We know that lucky Model X owners in North America are already out and about using version 7.0, but it appears to be a slightly different variation than what Model S owners will receive.
The beta auto-steering functions appear to be enabled for only a small number of people with 7.0. Any 7.0 caught in the wild is still considered a beta or pre-release version.
UPDATE: Elon Musk has since announced via Twitter that Version 7 will go to ‘wide release on Thursday’ (Oct 15, 2015)
I expect that we’ll start seeing a roll out of firmware 7.0 to Model S owners sometime in November, timed with the deliveries of Model X throughout North America. But as most people know, Tesla’s release dates are increasingly difficult to guess at.
I hope that beyond the interface changes, autopilot features will be included with the upcoming software release. I suspect there will be angry discourse among the Tesla social community if this feature is omitted.
I’m still not sure what I think about version 7.0 but in general I’m a fan of the flat and cleaned-up look.

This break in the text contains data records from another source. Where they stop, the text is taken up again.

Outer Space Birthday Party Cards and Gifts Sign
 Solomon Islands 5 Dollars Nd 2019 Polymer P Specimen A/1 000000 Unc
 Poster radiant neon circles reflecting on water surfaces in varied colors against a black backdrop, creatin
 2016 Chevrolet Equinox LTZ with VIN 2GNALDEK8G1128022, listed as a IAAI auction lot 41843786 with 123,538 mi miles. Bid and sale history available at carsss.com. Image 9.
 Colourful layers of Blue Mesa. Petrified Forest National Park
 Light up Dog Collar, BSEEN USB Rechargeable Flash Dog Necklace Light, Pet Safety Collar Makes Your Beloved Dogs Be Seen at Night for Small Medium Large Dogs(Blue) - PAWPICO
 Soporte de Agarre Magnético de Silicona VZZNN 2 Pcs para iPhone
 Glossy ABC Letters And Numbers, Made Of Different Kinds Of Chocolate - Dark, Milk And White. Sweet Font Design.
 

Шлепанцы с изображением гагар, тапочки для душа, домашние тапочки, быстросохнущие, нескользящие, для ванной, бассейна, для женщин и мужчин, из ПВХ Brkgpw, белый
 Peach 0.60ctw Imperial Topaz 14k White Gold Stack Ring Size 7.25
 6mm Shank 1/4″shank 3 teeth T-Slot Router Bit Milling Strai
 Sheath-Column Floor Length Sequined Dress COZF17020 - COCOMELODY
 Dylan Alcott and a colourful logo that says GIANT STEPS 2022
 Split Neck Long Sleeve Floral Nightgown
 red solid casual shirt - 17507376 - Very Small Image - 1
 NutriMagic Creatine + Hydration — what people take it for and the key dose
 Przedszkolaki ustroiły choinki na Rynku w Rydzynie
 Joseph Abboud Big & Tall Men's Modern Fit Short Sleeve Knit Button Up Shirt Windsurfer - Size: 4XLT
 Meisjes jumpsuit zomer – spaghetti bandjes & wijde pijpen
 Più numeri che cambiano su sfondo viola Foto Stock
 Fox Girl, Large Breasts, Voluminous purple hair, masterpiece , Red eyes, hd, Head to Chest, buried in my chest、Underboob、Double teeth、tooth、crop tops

A lot of information that I’ve gotten used to will no longer be on the dash display. My guess is that the overall dash display will be a lot less busy. There’s also going to be a lot of empty space reserved for displaying information that my pre-autopilot Model S isn’t capable of capturing. My hunch is that firmware 7.0 will be a bit of a disappointment for early Model S adopters that lack the autopilot hardware. On the other hand, Model S owners with autopilot will likely welcome the plethora of information that will be presented on the center display.